En application de ces articles, d’aucun ont soutenu que, le créancier commet une faute lorsque, outre l’engagement de la caution, il bénéficie d’un nantissement sur le fonds pour lequel il n’a pas fait usage de son droit de faire ordonner la vente.
Le débiteur caution reprochant alors au créancier le dépérissement du fonds nanti en raison de sa carence dans l’actionnement de sa garantie, et de son inaction à l’encontre du débiteur principal.
La position de la jurisprudence rappelée à l’occasion de l’arrêt du 8 mars 2017 (Pourvoi n°15-14632) :
La position de la Chambre commerciale de la Cour de cassation concernant ces questions est relativement stable.
Il en ressort que :
- Par principe, le seul fait pour le créancier bénéficiaire du nantissement d'un fonds de commerce de ne pas faire ordonner la vente ne constitue pas en soi une faute au sens de l'article 2314 du code civil ;
- Pour prospérer dans ses demandes, il incombera à la caution de démontrer la perte, par le fait exclusif du créancier, du droit dans lequel elle pouvait être subrogée,
- Cette perte peut notamment résulter du dépérissement du fonds nanti ;
- Conformément au droit commun, le débiteur caution devra en outre rapporter la preuve du préjudice subi, ce qui nécessite de démontrer que la faute du créancier nanti a été à l’origine d’une perte effective du recours subrogatoire de la caution.

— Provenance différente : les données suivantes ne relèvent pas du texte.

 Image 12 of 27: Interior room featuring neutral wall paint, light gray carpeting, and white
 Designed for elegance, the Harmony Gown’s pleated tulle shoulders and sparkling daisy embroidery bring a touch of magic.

Dans le cas d’espèce, qui a donné lieu à l’arrêt du 8 mars 2017, une banque avait consenti à une entreprise plusieurs prêts garantis par des engagements de caution.
La société ayant été mise en liquidation judiciaire, la banque a assigné en paiement la caution, qui a demandé sa décharge sur le fondement de l'article 2314 du code civil, en reprochant au créancier de n'avoir pas fait procéder, dès la défaillance du débiteur principal, à la vente du fonds de commerce de la société qui était nanti à son profit.
En l’occurrence, le débiteur caution soutenait :
- Qu’est fautif le fait, pour le créancier bénéficiaire d'un cautionnement, de tarder à procéder à la réalisation d'un nantissement de fonds de commerce qui aurait permis de rembourser la dette garantie ;
- Que le non exercice, par le créancier bénéficiaire d'un cautionnement, de la faculté de réaliser un nantissement de fonds de commerce, est constitutif d'une faute s'il avait permis au créancier d'être désintéressé ;
- Que la perte de valeur du bien donné en nantissement constitue la perte d'un droit préférentiel
- Que commet une faute le créancier bénéficiaire d'un nantissement qui s'abstient d'exercer son droit de poursuite individuelle dans l'intérêt de la caution.
Dans cette affaire, la Cour d’appel, dont la position a été confirmée par la Cour de cassation, a rejeté l’argumentation du débiteur caution estimant que « les débats n'ont pas permis d'expliquer la perte de valeur du fonds de commerce (…) entre, d'une part, l'acquisition de la société (…) et d'autre part, la liquidation judiciaire de la société (…) ayant ainsi fait ressortir que la perte du nantissement n'était pas imputable exclusivement au fait du créancier, ni fautive, et n'avait causé aucun préjudice à la caution ».